**Task statement:** Output word for word the lines from the one with "razr pics 011.jpg" to the final line of the data, both ends included, but skip the pictures.

Data excerpt START

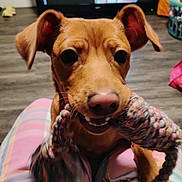 Zane is registered to the contest to win money with this photo: animal, brown_dog, close_up, cute, dog, ears, floor, home, human_lap, indoor, nose, pet, pet_toy, plaid_pants, playful, puppy, rope_toy, television, toy, wooden_floor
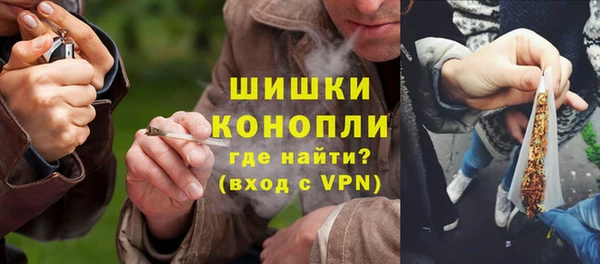 сатива Надым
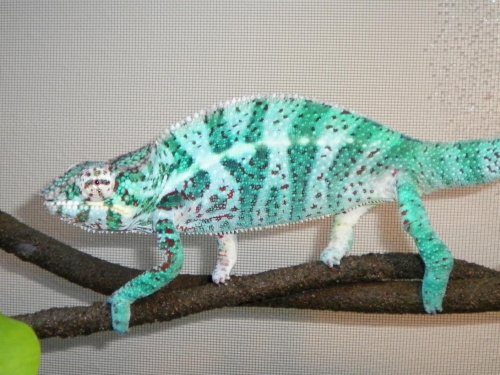 razr pics 011.jpg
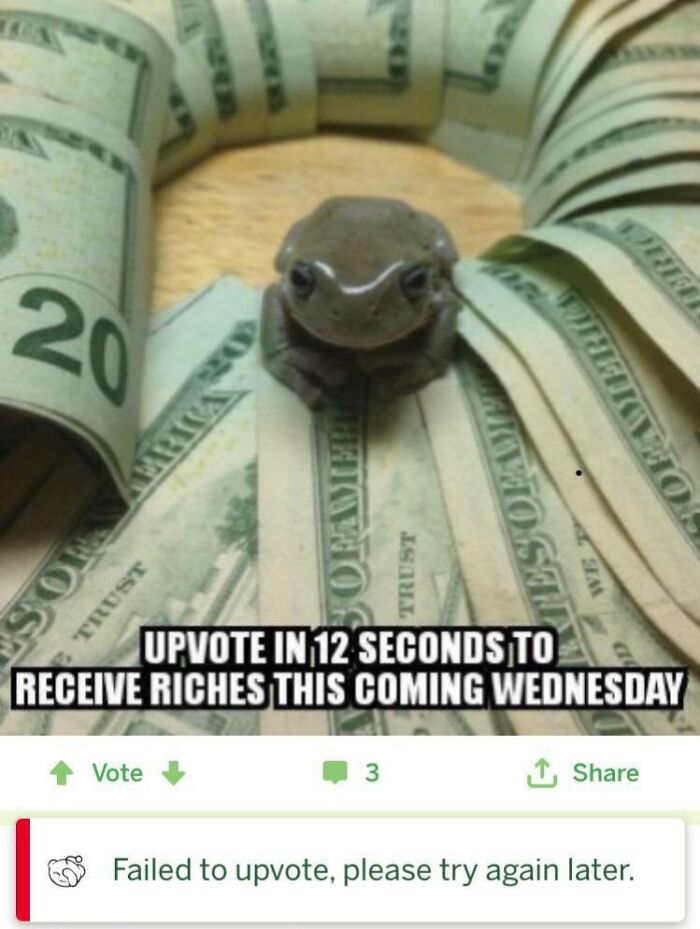 Small frog sitting on folded US dollar bills in a hilarious post that became an instant meme about receiving riches.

Data excerpt END

**Completed task:**
 razr pics 011.jpg
 Small frog sitting on folded US dollar bills in a hilarious post that became an instant meme about receiving riches.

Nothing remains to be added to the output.